[Your assignment]: Once the line containing "Hinh 22 Alice Nguyen – Ntk Phan Quoc An Lon" is found in the records below, return it and each following line exactly, up to and including the line containing "近溫州公園香榭三房車位房屋室內格局與周邊環境", and nothing else.

[Information given]:

"""

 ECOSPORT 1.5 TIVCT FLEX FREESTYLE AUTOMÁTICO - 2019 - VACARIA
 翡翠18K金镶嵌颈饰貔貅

"""
"""

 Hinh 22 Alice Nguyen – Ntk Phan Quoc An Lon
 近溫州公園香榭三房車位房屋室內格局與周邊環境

"""

[Task answer]:
 Hinh 22 Alice Nguyen – Ntk Phan Quoc An Lon
 近溫州公園香榭三房車位房屋室內格局與周邊環境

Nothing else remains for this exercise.